# Renew British Passport while in Philippines



## Crazy_about_Scuba (Jun 11, 2018)

Hi,

My passport has nearly run out of pages & I'm looking to renew it online. I would not like to go back to the UK just to renew my passport.

I'd like help with a courier service to send my passport to Liverpool in the UK and to send it from the UK to Manila and receive it.

Has anybody used a specific service for this beforehand?
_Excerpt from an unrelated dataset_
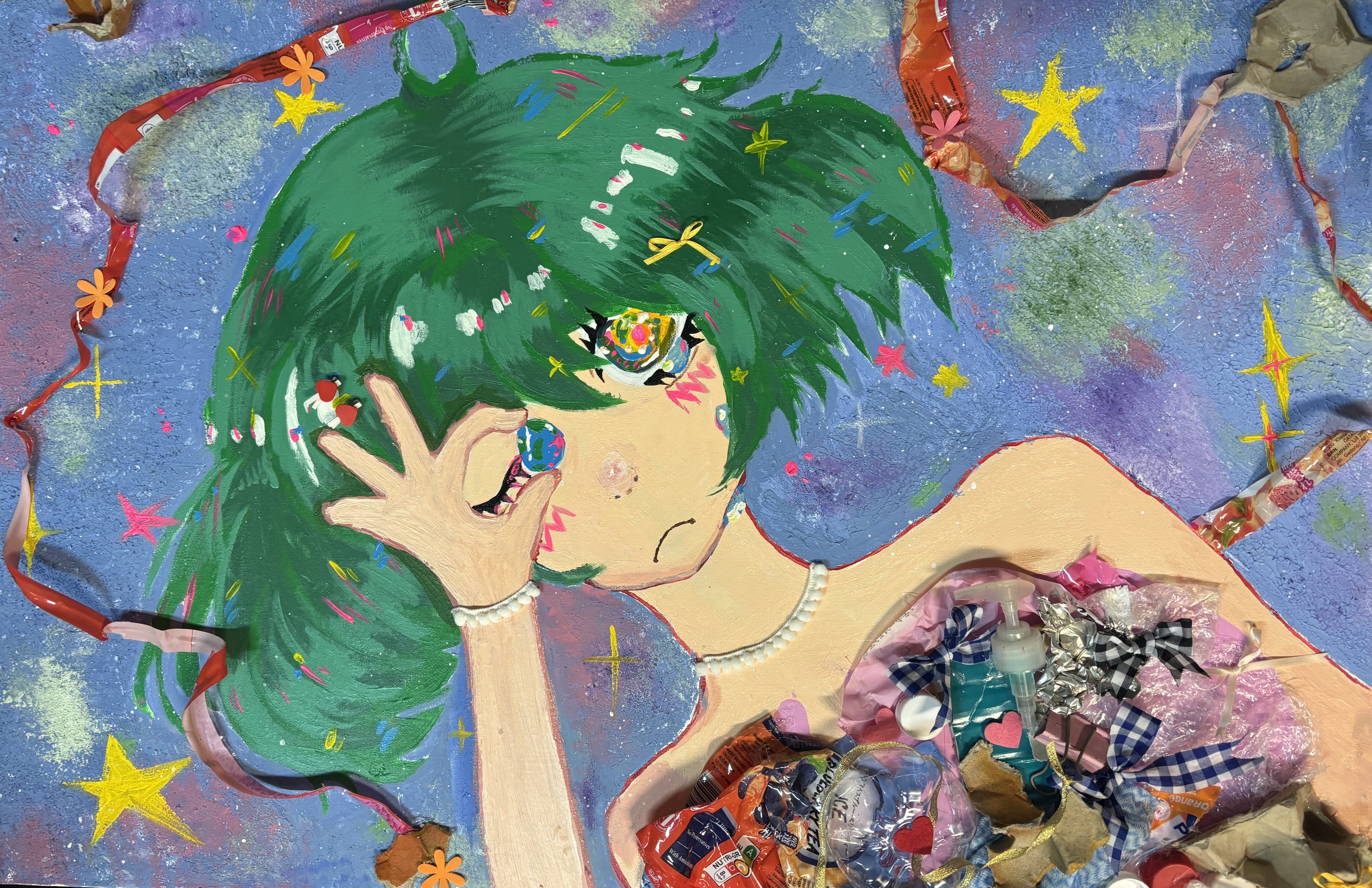 Mixed-media painting of green-haired girl with one eye, holding a marble; starry purple-blue background.
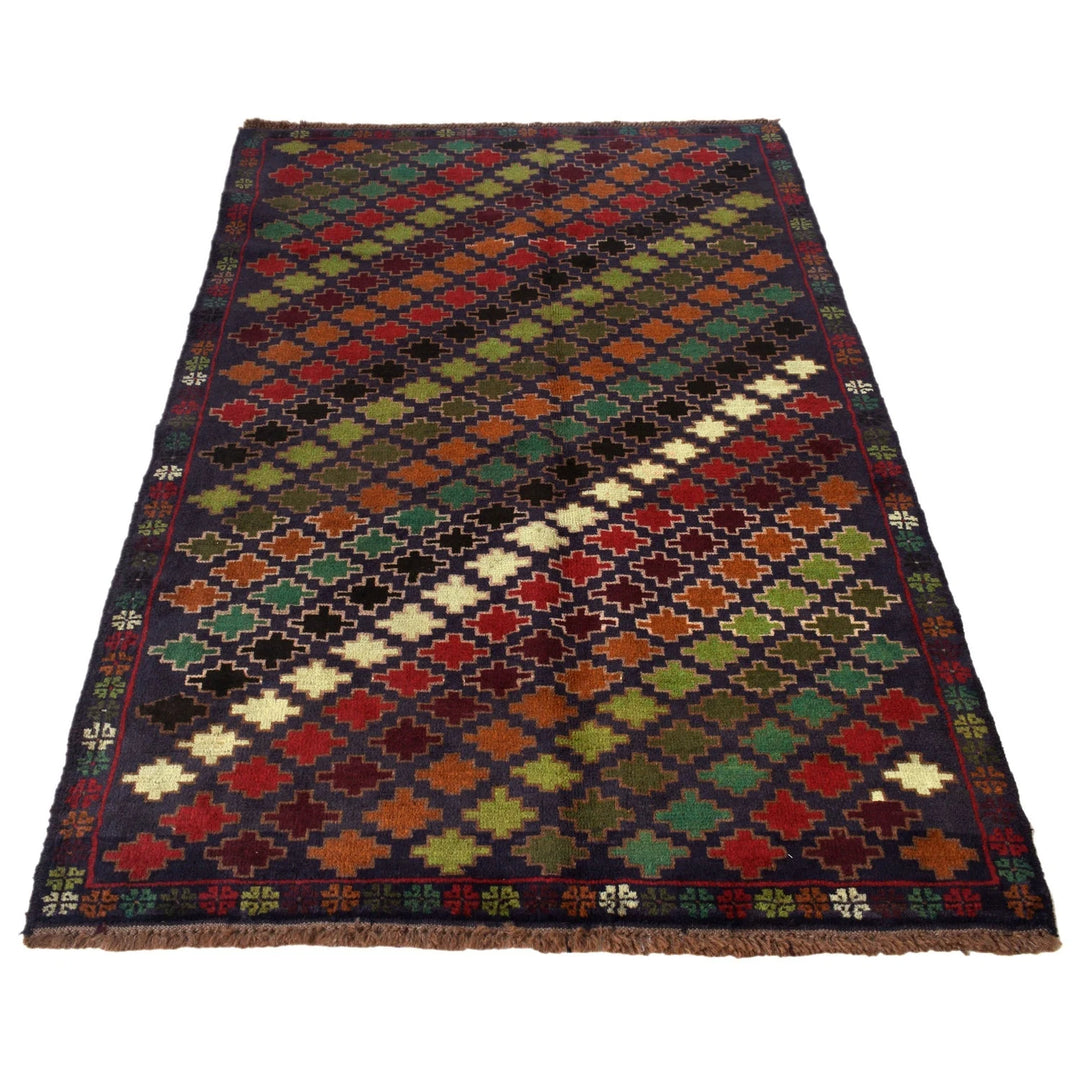 Afghan Baluchi Rug 3' 12" x 6' 3" Hand-Knotted | No. AL41403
Advise would be greatly appreciated, thankyou very much,
J


----------



## expatuk2016 (Mar 20, 2016)

Hi there i used LBC , you can track your passport from the office to Manila to DHL in Germany to having it signed for in Liverpool , you can apply online and pay for the application, then just go to lbc costs around 2600 pesos.


----------



## Crazy_about_Scuba (Jun 11, 2018)

expatuk2016 said:


> Hi there i used LBC , you can track your passport from the office to Manila to DHL in Germany to having it signed for in Liverpool , you can apply online and pay for the application, then just go to lbc costs around 2600 pesos.


Great, thankyou so much for the response.

Did you keep your passport & send colour photocopies? Or did you keep the photocopies and send the real passport?

Do they return your old passport also?

Many thanks for the advice!


----------



## bigpearl (Jan 24, 2016)

Crazy_about_Scuba said:


> Hi,
> 
> My passport has nearly run out of pages & I'm looking to renew it online. I would not like to go back to the UK just to renew my passport.
> 
> ...


If your passport is current and in date you have no problems as I experienced some 10 years ago with all pages filled, the new entry or exit is stamped over previous entries and is legible but at times makes hard reading for Immigration no matter the country on your next stop.

Cheers, Steve.


----------



## hogrider (May 25, 2010)

Crazy_about_Scuba said:


> Great, thankyou so much for the response.
> 
> Did you keep your passport & send colour photocopies? Or did you keep the photocopies and send the real passport?
> 
> ...


Fill in the forms on line, then send your existing passport to Liverpool via courier, I used FedEx. They will use your online photo from Passport Section and issue you with a new passport which is sent back to you via courier, The original passport is also sent back to via courier a few days later.


----------